Monday, March 16, 2009

Storage: Capsule and FlashDB

Capsule: An Energy-Optimized Object Storage System for Memory-Constrained Sensor Devices
Mathur et al.

FlashDB: Dynamic Self-Tuning Database for NAND Flash
Nath and Kansal

The topic of today's discussion was flash storage in wireless sensor networks. The class started by discussing some higher-level issues about storage on motes and about flash storage in general before digging into the specifics of the assigned papers. First, one person questioned the assumption that mote applications are write-intensive. His argument was that motes tend to have low duty cycles, so there is not too much data written after all. In response, one student suggested that the write-intensive classification is based on the read-write ratio instead of basing it on the frequency of writes.

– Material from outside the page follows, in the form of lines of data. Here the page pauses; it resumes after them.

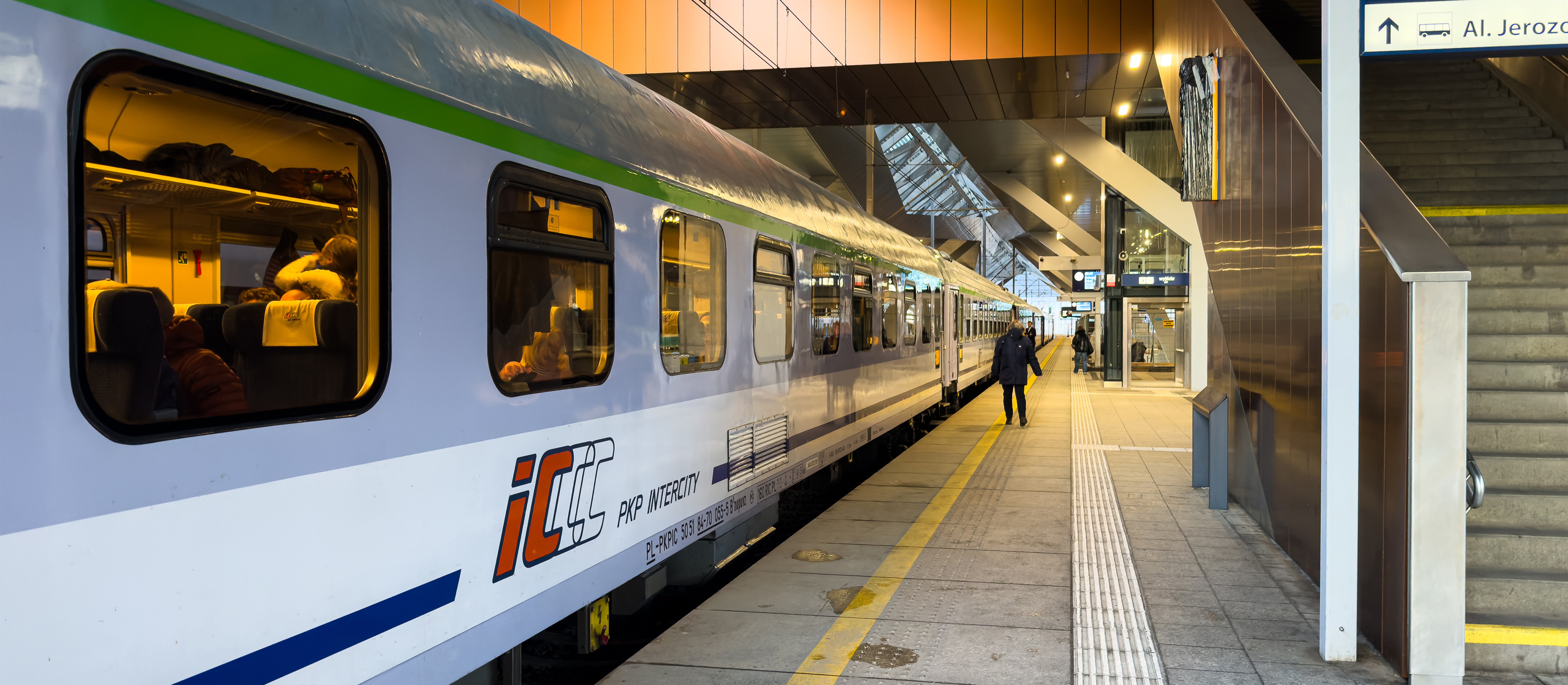 PKP Intercity zapowiada więcej pociągów i krótsze czasy przejazdów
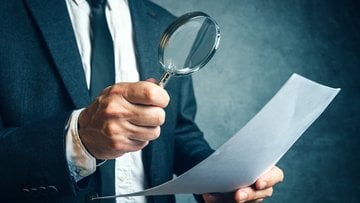 Controlli fiscali sul conto del coniuge, non basta un movimento sospetto per l'accertamento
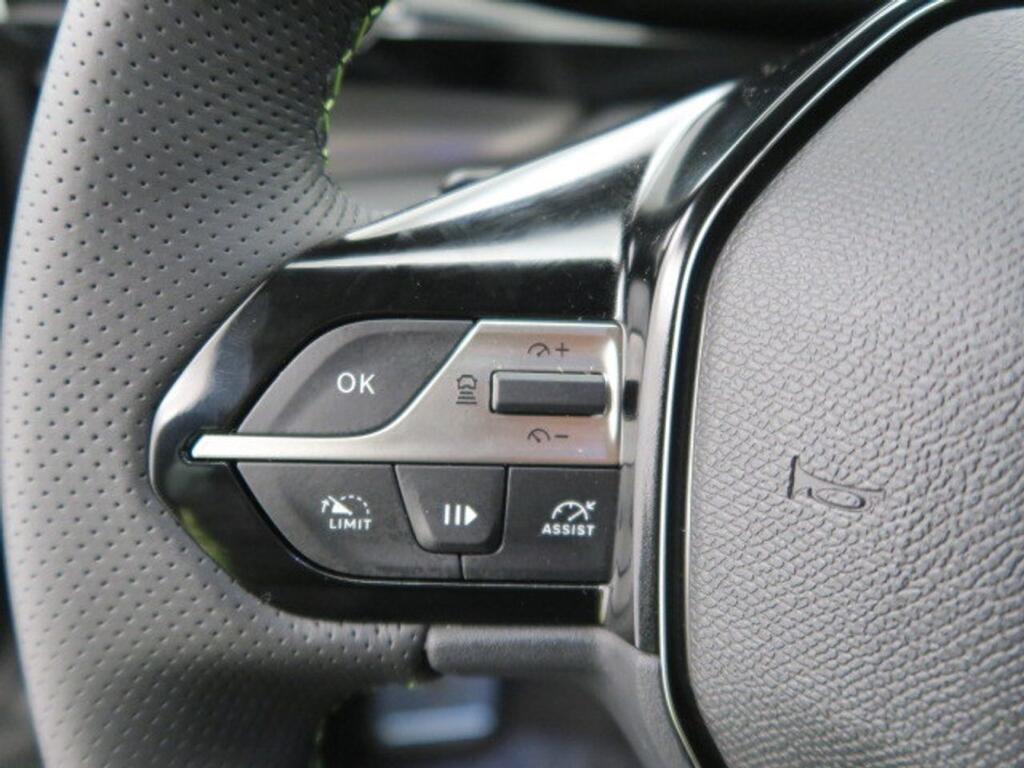 Peugeot 408 GT 1.6 HYBRID AUTO 224CV 5P 6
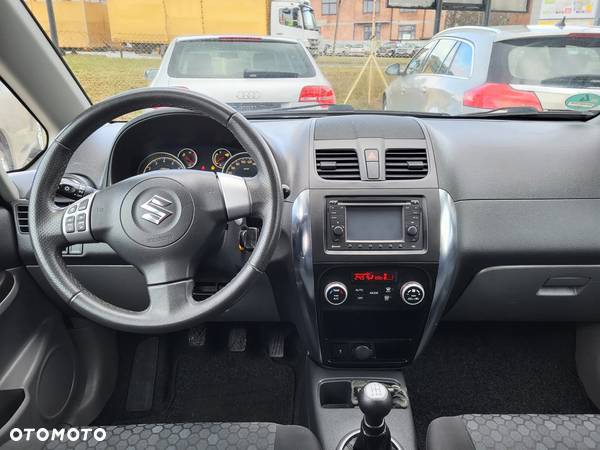 Suzuki SX4 - 14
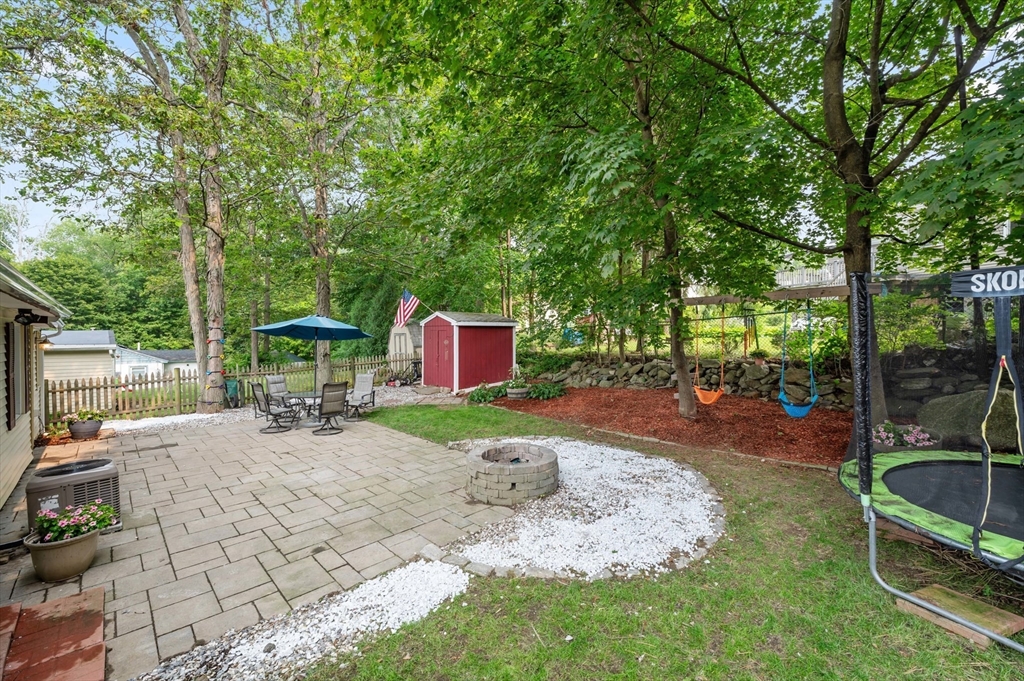 10 Bainridge Road Worcester, MA 01602 - Photo 4 of 25 Gallery Image 4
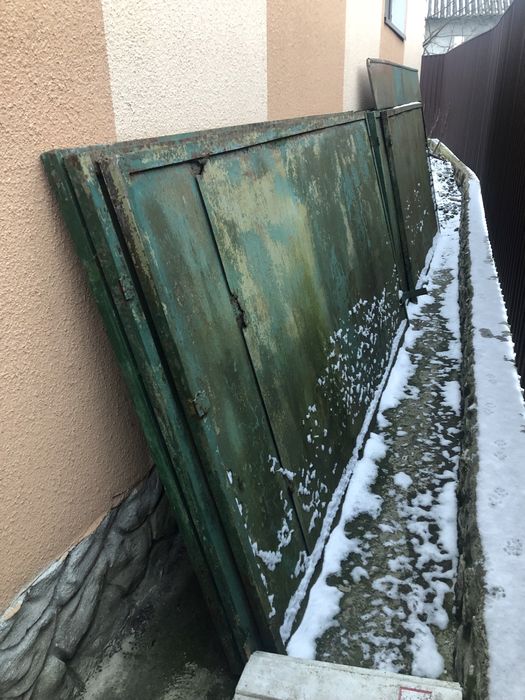 Паркани з бляхи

Then, one person questioned the need for advanced storage primitives, such as queues or files, since in practice, most applications use only simple append-only logs. However, some motes store their configuration as files on flash, and filesystem provides a familiar storage abstraction for programmers. If motes supported a filesystem recognized by PC's, such as FAT, we would be able to just pull out an SD card and plug it to a laptop in order to access the data. However, implementing FAT on a mote can be quite challenging, so the network could have few more capable, FAT-enabled motes, which would gather data from other simpler motes.

We were also wondering why we would need a lot of storage on a mote. For example, if the application sampled two sensors every 20 minutes, producing 4 bytes each time, a 2 GB disk would be filled in approximately 20,000 years. Even in the case of data-intensive applications, it would take at least several months in order to fill the disk. Another concern that we discussed was pulling out data once it was collected, since it is effectively impossible to stream several gigabytes of data using the radio. Instead, the users should be able to send queries to motes and retrieve only the data they actually need, which justifies the need for indexes and structured storage in general.

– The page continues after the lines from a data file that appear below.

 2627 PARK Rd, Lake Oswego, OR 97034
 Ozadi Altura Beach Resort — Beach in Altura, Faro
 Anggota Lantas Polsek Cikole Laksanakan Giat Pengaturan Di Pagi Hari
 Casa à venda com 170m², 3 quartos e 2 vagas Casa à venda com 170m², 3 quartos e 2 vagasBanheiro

Then, the topic of discussion changed to flash storage and its properties. Someone pointed out that a mote is inherently incapable of efficiently performing updates in place. In order to do so, it must read the entire block to memory before erasing it, which requires more memory than it is found on typical motes. The alternative is to copy the entire block elsewhere in the flash, erase the original block, and then copy it back while performing the requested changes on fly.

In flash, it is possible to turn 0's into 1's without having to erase the entire block. One person suggested that this could be leveraged to change already stored pointers to null pointers if we represent them as FFFF instead of 0000. Another student suggested that the application can leave some of the written data as 0‘s and update it in place later. However, we realized that this would not work, because the flash controllers do not expose the interface for performing such operations.

Finally, our attention turned to Capsule, the first paper assigned for today. The system uses log-structured storage, which seems to be the only reasonable storage model for motes. This approach works well for write-intensive applications at the cost of slow reads. For example, accessing the head of a queue requires the application to traverse it all the way from back to the front. On personal computers, this performance issue is addressed by using large buffers, but on motes, we do not have the luxury to do so.

Most of the remaining discussion of the paper revolved around log cleaning and compaction. Because of the log-based approach, the flash storage can quickly fill up with irrelevant (deleted) data. But in order to use reclaim the space, the log must be compacted due to the must-erase-before-write nature of flash. Compaction, however, takes a lot of energy and time. One of our concerns was that Capsule might start this process even if the client application could be in the middle of a high-rate data capture. Another concern was that when there is nothing to be compacted, the storage component would attempt to do so anyway and just waste energy. Finally, someone pointed out that this scheme effectively allows only 1 GB of storage on a 2 GB device, since it has to leave enough space for compaction.

Towards the end of the class period, we shifted our attention to FlashDB. One of the first observations was that using the B+ tree nodes in the disk modes requires in-place updates, which would not work on typical motes. We highlighted FlashDB's ability to switch the mode of operation online - instead of just determining the appropriate mode before deployment.

We were wondering why we would need the online self-tuning capability until one student suggested an example, in which a mote samples data during the day and streams it to the base station during the night. Ideally, the B+ tree would be in the write-intensive (log) mode during the day and in the read-intensive (disk) mode during the night. However, we were not convinced that FlashDB would make this switch early enough, especially since this dynamics was not evaluated in the paper. Perhaps it would be beneficial if the client application could disable self-tuning and perform it manually.